Task details. Each line of the entries below that includes "Storage" belongs in your answer.

Information given.
%%

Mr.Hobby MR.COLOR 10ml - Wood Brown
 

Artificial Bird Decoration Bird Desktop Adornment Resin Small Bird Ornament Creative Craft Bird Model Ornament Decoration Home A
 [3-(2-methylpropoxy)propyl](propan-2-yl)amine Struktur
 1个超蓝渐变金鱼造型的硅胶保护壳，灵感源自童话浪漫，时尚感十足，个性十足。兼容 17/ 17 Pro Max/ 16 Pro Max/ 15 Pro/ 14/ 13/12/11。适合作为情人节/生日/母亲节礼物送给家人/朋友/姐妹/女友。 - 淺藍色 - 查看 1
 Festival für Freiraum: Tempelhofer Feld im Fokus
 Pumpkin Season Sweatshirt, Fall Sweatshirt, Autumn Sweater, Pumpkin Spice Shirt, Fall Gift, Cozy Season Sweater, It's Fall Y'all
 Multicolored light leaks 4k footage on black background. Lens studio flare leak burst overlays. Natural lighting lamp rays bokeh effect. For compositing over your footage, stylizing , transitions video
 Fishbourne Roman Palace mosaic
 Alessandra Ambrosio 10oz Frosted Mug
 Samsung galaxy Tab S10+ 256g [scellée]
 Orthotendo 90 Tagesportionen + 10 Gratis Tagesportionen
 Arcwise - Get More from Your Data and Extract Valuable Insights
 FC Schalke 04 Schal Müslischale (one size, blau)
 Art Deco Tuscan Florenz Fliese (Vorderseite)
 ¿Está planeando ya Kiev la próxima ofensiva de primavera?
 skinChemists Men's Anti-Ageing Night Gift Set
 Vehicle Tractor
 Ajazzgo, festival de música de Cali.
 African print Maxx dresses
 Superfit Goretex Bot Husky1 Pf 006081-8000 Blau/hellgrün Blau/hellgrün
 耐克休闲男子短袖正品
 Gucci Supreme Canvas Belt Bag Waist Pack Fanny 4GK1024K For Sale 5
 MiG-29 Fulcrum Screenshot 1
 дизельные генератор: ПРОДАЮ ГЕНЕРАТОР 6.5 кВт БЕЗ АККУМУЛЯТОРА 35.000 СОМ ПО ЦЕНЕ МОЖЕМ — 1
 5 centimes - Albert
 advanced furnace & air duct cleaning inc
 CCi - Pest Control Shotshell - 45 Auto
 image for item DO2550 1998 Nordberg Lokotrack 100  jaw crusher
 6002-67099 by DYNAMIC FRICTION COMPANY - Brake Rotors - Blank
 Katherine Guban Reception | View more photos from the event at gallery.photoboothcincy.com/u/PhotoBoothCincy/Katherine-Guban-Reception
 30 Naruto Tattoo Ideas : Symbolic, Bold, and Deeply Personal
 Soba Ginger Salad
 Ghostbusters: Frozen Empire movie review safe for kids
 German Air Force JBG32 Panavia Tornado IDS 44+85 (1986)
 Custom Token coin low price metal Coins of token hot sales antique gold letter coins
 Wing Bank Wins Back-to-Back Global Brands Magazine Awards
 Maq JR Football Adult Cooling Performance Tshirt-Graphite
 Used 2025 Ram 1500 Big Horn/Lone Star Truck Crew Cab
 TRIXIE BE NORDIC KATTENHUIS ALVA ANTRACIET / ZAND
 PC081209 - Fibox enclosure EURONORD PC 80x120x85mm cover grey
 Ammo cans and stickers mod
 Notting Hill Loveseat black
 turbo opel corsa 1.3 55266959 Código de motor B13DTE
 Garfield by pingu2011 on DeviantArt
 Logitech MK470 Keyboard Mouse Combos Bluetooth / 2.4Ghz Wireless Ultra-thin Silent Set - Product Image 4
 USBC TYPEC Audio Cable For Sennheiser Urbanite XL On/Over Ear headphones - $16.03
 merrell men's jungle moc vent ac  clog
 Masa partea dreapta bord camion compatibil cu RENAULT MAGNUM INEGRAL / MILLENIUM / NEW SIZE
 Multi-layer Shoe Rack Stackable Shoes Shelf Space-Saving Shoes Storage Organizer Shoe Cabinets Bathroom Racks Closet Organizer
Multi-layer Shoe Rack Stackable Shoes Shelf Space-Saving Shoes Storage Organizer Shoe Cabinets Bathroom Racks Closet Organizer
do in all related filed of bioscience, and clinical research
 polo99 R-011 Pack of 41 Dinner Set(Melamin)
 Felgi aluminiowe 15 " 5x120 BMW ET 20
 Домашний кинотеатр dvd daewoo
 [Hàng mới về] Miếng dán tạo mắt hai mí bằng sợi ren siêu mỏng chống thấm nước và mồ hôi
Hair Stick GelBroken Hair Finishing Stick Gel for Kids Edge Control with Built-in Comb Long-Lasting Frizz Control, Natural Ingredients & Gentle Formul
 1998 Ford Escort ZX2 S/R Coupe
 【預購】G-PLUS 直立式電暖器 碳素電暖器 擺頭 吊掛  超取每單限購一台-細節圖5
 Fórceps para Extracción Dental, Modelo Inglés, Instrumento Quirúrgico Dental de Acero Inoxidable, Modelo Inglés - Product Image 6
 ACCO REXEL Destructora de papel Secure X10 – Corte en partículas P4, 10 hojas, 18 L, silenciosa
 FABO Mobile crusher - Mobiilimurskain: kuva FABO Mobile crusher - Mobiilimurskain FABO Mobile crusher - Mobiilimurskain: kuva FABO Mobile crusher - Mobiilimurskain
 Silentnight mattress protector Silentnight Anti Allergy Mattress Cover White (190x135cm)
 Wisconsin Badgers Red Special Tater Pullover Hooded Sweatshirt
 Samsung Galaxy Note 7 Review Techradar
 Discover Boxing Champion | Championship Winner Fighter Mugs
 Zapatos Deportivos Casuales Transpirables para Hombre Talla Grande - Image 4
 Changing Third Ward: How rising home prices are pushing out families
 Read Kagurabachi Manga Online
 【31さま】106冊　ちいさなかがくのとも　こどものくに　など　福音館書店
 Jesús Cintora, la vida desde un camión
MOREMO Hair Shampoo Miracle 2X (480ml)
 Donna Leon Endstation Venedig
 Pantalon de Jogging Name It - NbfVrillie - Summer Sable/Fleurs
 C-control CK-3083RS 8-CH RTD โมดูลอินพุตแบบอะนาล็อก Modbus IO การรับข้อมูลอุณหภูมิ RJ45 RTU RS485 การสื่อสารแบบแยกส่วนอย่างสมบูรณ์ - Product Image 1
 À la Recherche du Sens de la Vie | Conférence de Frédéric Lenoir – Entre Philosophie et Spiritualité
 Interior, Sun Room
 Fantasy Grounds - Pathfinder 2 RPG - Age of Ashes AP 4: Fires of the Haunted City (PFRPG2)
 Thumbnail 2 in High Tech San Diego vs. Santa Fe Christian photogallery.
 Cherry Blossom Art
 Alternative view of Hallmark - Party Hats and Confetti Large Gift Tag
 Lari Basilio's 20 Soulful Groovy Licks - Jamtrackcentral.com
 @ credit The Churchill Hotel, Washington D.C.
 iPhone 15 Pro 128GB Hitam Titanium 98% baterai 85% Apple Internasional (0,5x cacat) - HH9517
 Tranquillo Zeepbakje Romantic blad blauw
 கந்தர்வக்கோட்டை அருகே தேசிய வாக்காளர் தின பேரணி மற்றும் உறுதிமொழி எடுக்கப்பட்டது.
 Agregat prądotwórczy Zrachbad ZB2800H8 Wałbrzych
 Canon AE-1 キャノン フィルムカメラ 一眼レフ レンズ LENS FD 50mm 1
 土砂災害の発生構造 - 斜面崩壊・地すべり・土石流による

%%

Written response.
 Multi-layer Shoe Rack Stackable Shoes Shelf Space-Saving Shoes Storage Organizer Shoe Cabinets Bathroom Racks Closet Organizer
Multi-layer Shoe Rack Stackable Shoes Shelf Space-Saving Shoes Storage Organizer Shoe Cabinets Bathroom Racks Closet Organizer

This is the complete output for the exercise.